MATERIAL SUPPLIED
= = = = =

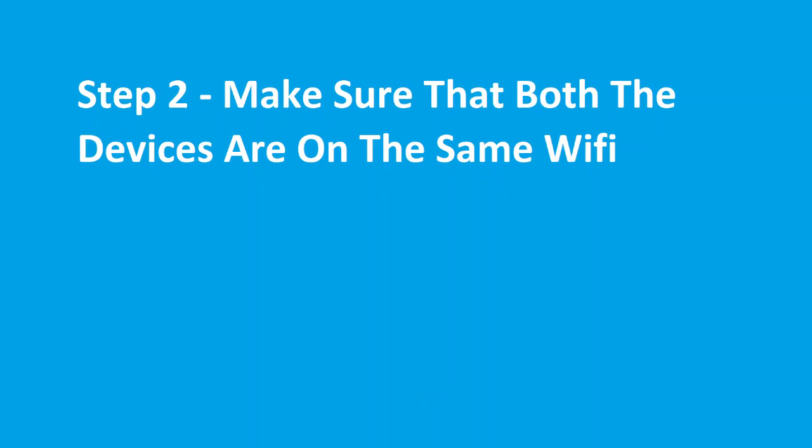So next step is to make sure both the devices, your TV and your phone, both should be on the same network.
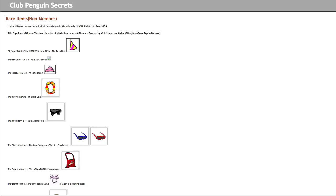The page starts off by saying, 'I made this page so you can tell which penguin is older than the other.' It says this page does not have the items in order of which they came out. They are ordered by which items are oldest, older, newer from top to bottom.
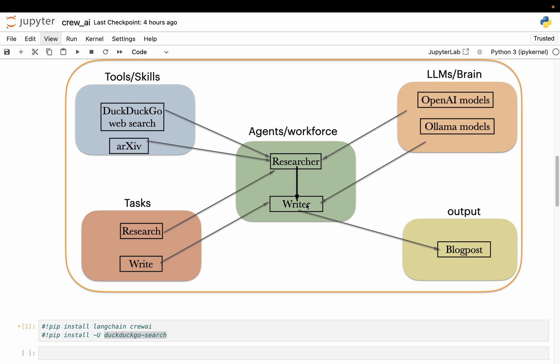Very high level summary. We defined two agents - researcher, writer. We defined some tools - DuckDuckGo search. We defined some LLMs. To the researcher agent and writer agent we supplied the same LLM, but it didn't have to be. And to the researcher agent we supplied a tool, this DuckDuckGo search. And then we defined two tasks, we assigned them to each agent. The researcher agent collected the information, the writer agent writes the blog post. I hope it's clear.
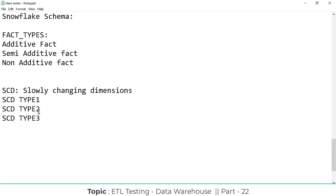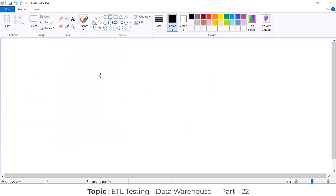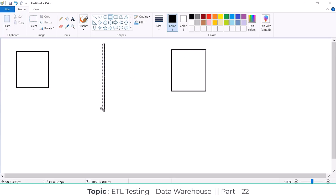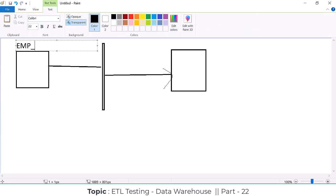SCD Type 1: we have source data that we are going to extract. As part of the ETL process, we have a source system — a source table — and we extract that data using any ETL tool and load it into the data warehouse target table.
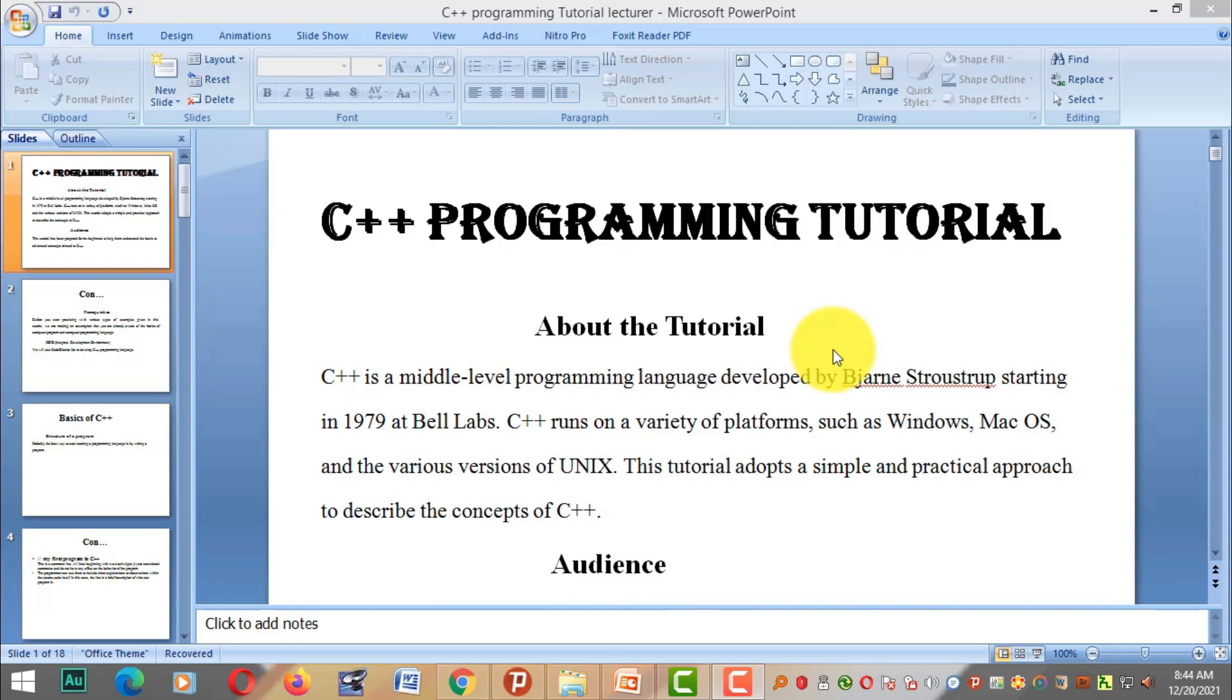In this channel, we will share courses on computer science, software engineering, information technology, and information systems.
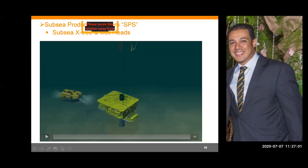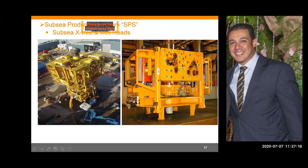That video gives you a good imagination of what ROVs are and what the Christmas tree is. Just to know the scale of things we are working with — this is the Christmas tree and this is an average worker. You can see the scale of the equipment we deal with.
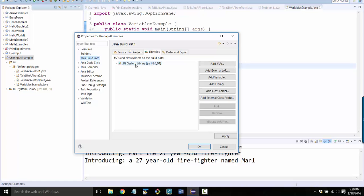If your JRE system library says something other than 1.8, in particular if it says something like minimal something 1.2, select it and click Remove.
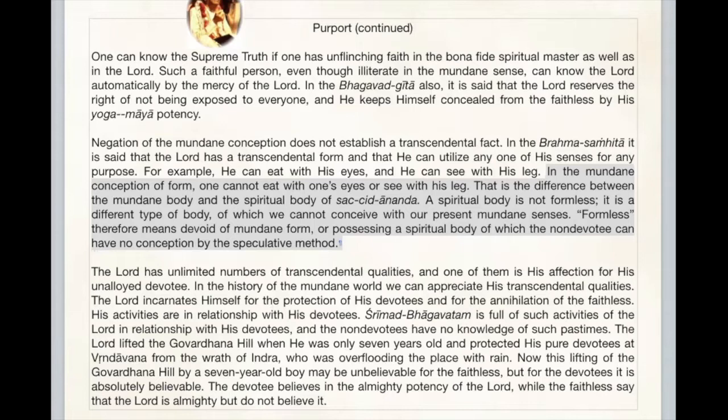There's a nice verse to consider in this relationship: 'atah sri-krishna-namadi na bhaved grahyam indriyaih' — Krishna's name, his form, his pastimes are not understandable by the indriyas, by the senses. But one who surrenders and uses his tongue in seva of the Lord — glorifying the Lord, praying to the Lord, telling others about the Lord, speaking to the Lord — 'svayam eva sphuraty adah' — these things are revealed to that person. That's a beautiful verse.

= = = = =

PROMPT
Exactly and only the lines from the top of the records down to the line containing "The page starts" should be transcribed, please, without the pictures.

RESPONSE TO THIS EXERCISE
So next step is to make sure both the devices, your TV and your phone, both should be on the same network.
The page starts off by saying, 'I made this page so you can tell which penguin is older than the other.' It says this page does not have the items in order of which they came out. They are ordered by which items are oldest, older, newer from top to bottom.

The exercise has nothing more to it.